### [Exercise directions]
Quote exactly the lines from the one with "Yasmin Hotel fotoÄŸrafÄ±" to the end of the data, both included; omit the pictures.

### [Collected material]
####
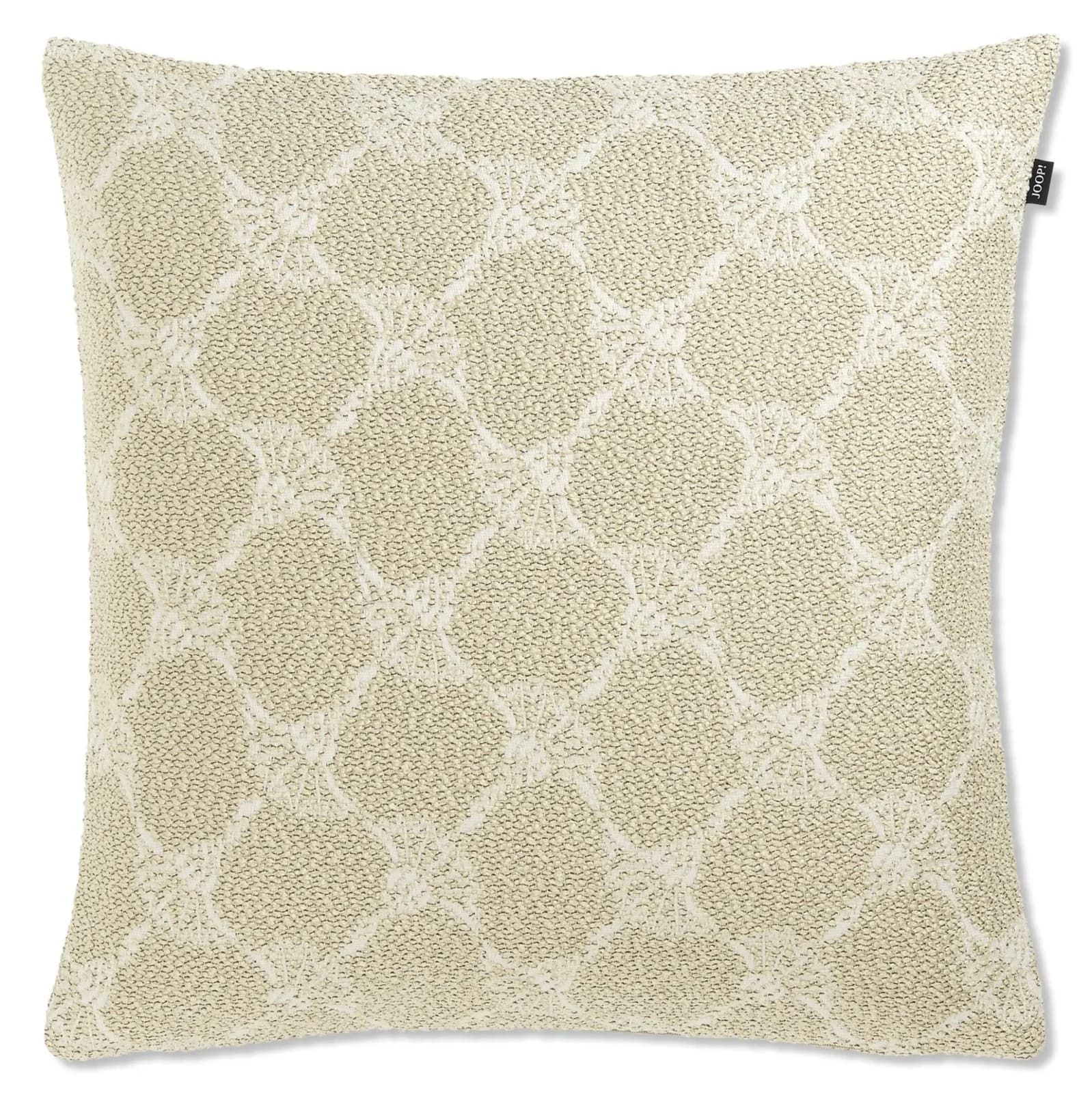 Kissen JOOP! FABRICS OUTDOOR C 50x50 cm Natur
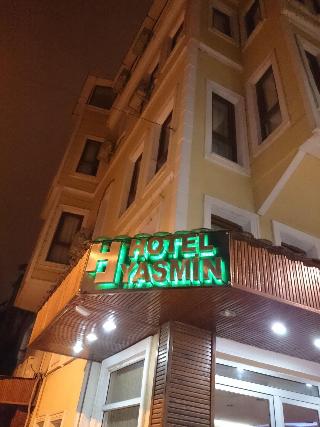 Yasmin Hotel fotoÄŸrafÄ±
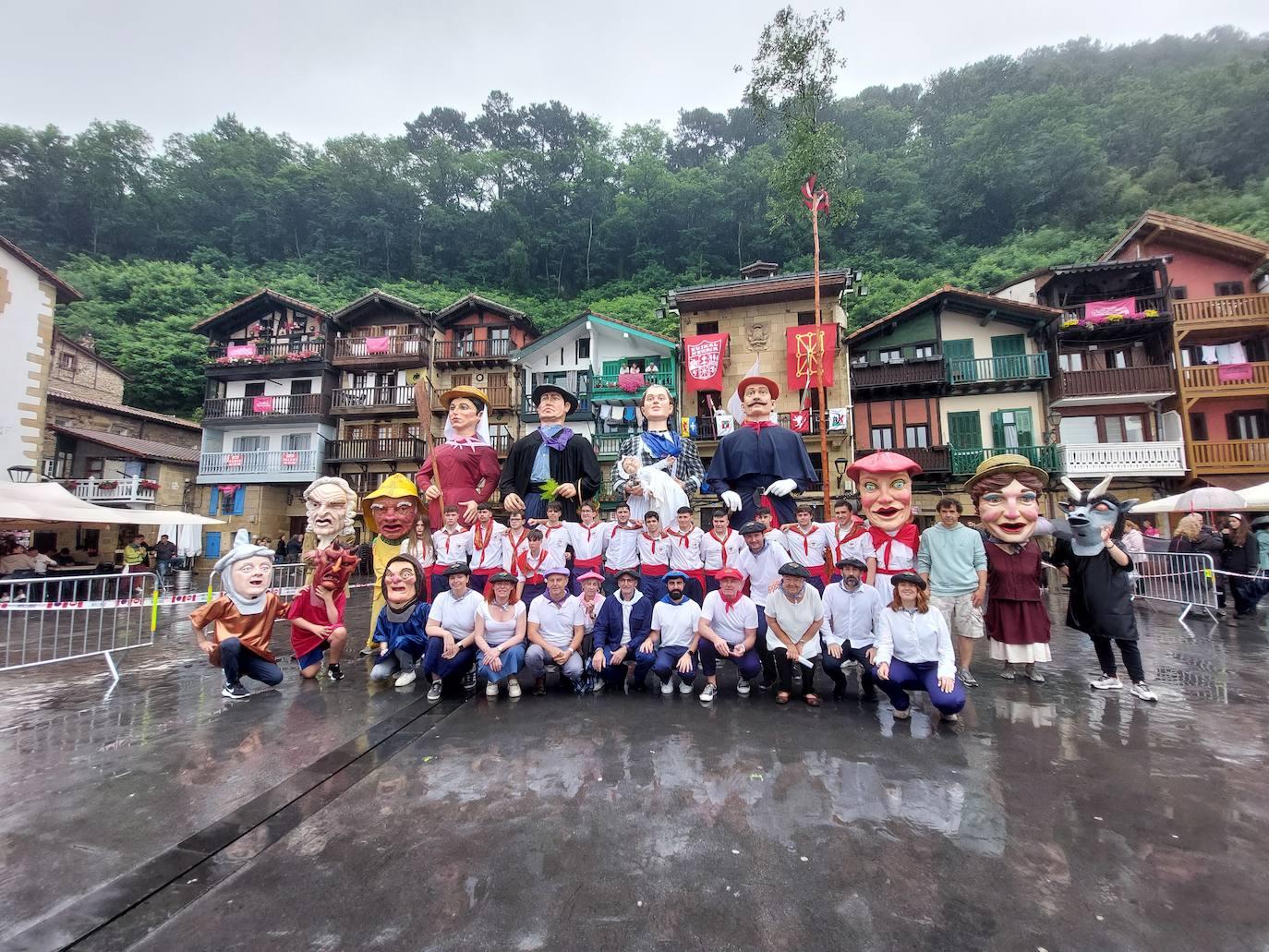 Los viejos gigantes regresan a la plaza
####
### [Result of the exercise]
 Yasmin Hotel fotoÄŸrafÄ±
 Los viejos gigantes regresan a la plaza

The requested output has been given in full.